Rotational co‐culture of clonal β ‐cells with endothelial cells: effect of PPAR‐ γ agonism in vitro on insulin and VEGF secretion

Aim: Delayed graft revascularization impedes the success of human islet transplantation. This study utilized rotational co‐culture of insulin secreting β ‐cells with human umbilical vein endothelial cells (HUVECs) and a peroxisome proliferator‐activated receptor gamma (PPAR‐ γ ) agonist to promote insulin and vascular endothelial growth factor (VEGF) secretory function.
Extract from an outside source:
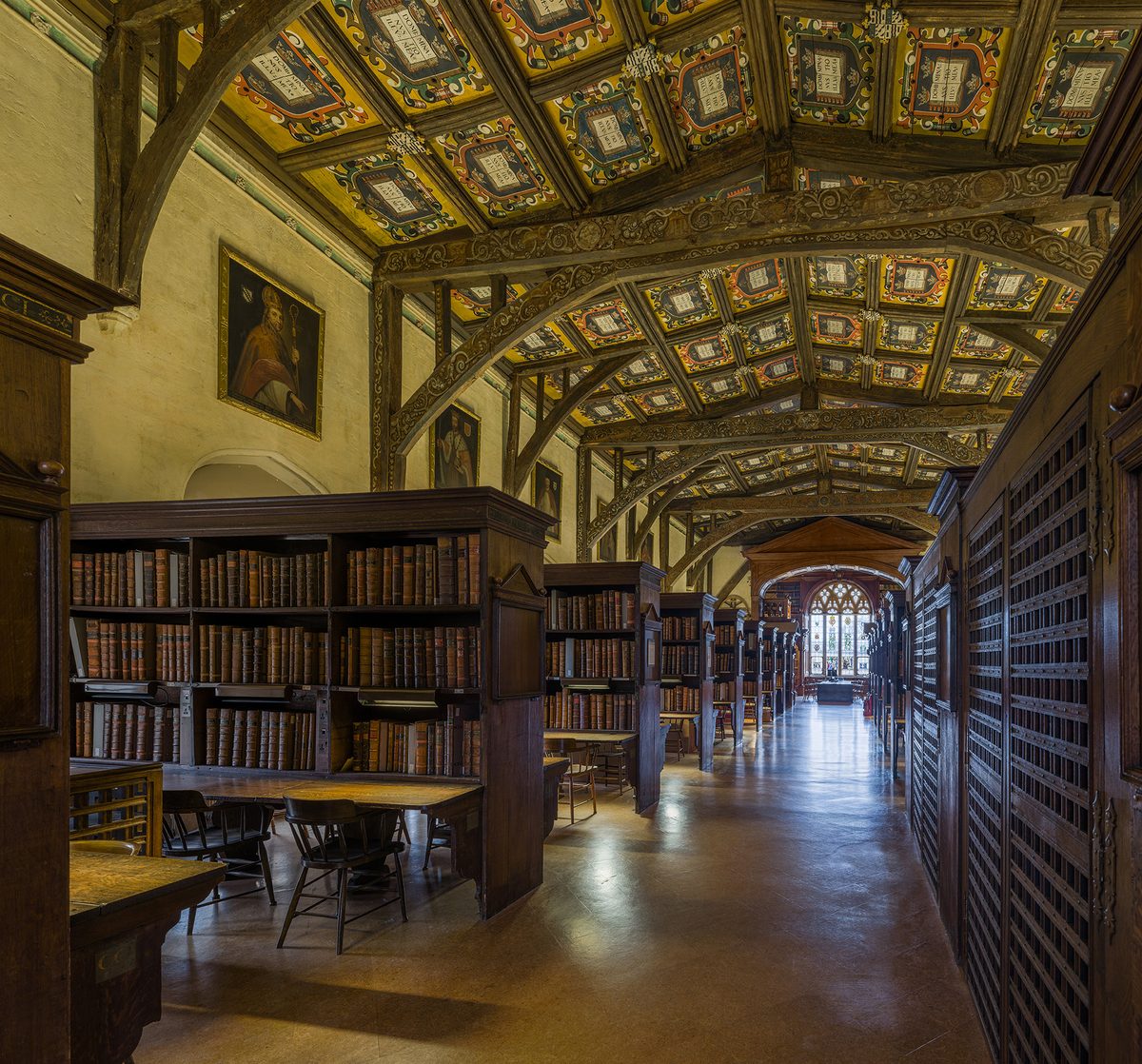 The Divinity School ceiling inside the Bodleian Library in Oxford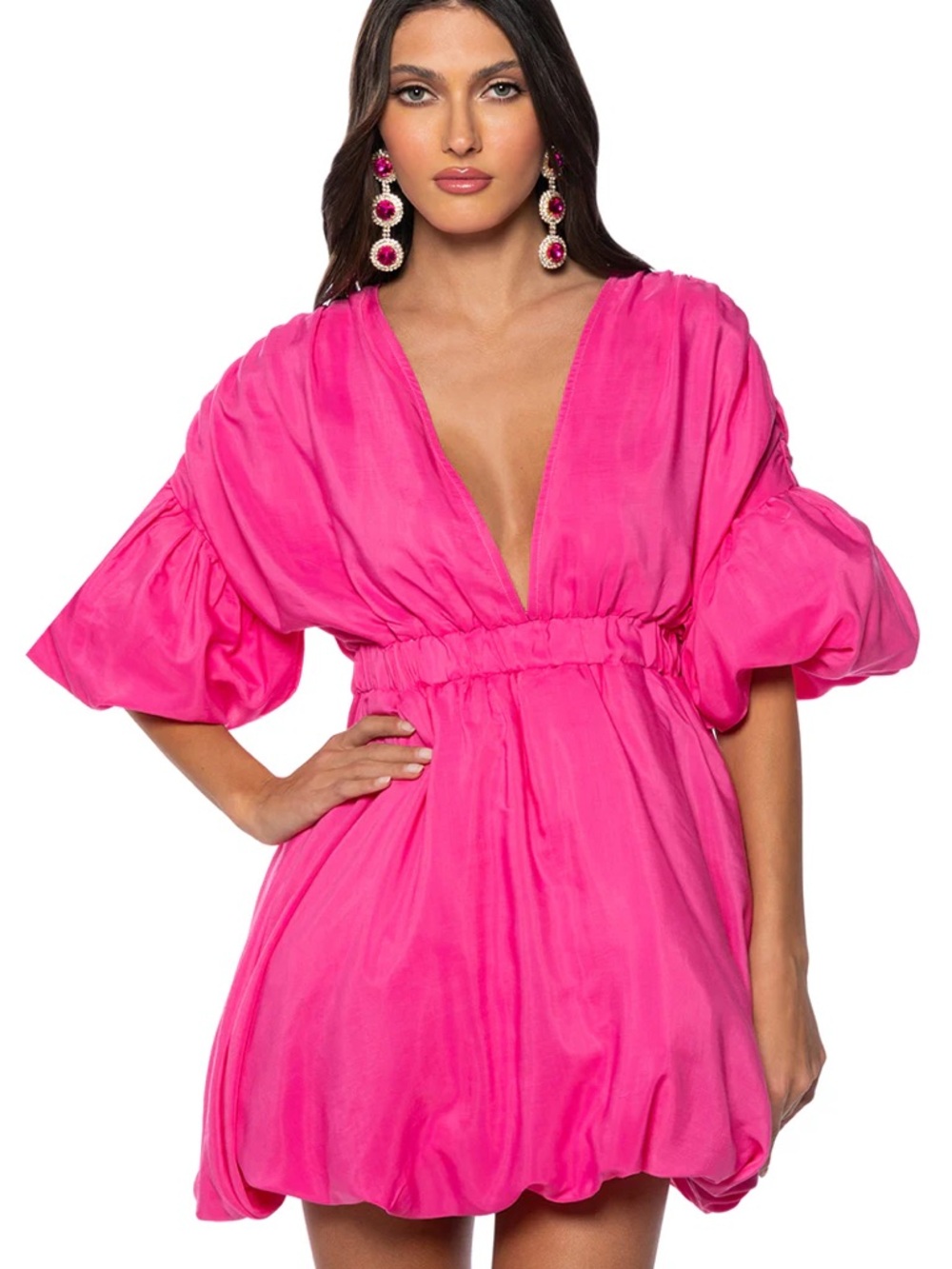 PrettyLittleThing Hot Pink V-Neck Mini Dress with Puff Sleeves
Methods: Clonal BRIN‐BD11 (D11) cells were maintained in static culture (SC) and rotational culture (RC) ± HUVEC and ± the TZD (thiazolidinedione) rosiglitazone (10 mmol/l) as a specific PPAR‐ γ agonist. HUVECs were cultured in SC and RC ± D11 and ± TZD. D11 insulin secretion was induced by static incubation with low glucose (1.67 mmol/l), high glucose (16.7 mmol/l) and high glucose with 10 mmol/l theophylline (G+T) and assessed by enzyme‐linked immunosorbent assay (ELISA). HUVEC proliferation was determined by ATP luminescence, whereas VEGF secretion was quantified by ELISA. Co‐cultured cells were characterized by immunostaining for insulin and CD31. Results: D11 SC and RC showed enhanced insulin secretion in response to 16.7 mmol/l and G+T (p < 0.01); without significant alteration by the TZD. Co‐culture with HUVEC in SC and RC also increased D11 insulin secretion when challenged with 16.7 mmol/l and G+T (p < 0.01), and this was slightly enhanced by the TZD. The presence of HUVEC increased D11 SC and RC insulin secretion in response to high glucose and G+T, respectively (p < 0.01). Addition of the TZD increased SC and RC HUVEC ATP content (p < 0.01) and VEGF production (p < 0.01) in the presence and absence of D11 cells. Conclusions: Rotational co‐culture of insulin secreting cells with endothelial cells, and exposure to a PPAR‐ γ agonist may improve the prospects for graft revascularization and function after implantation.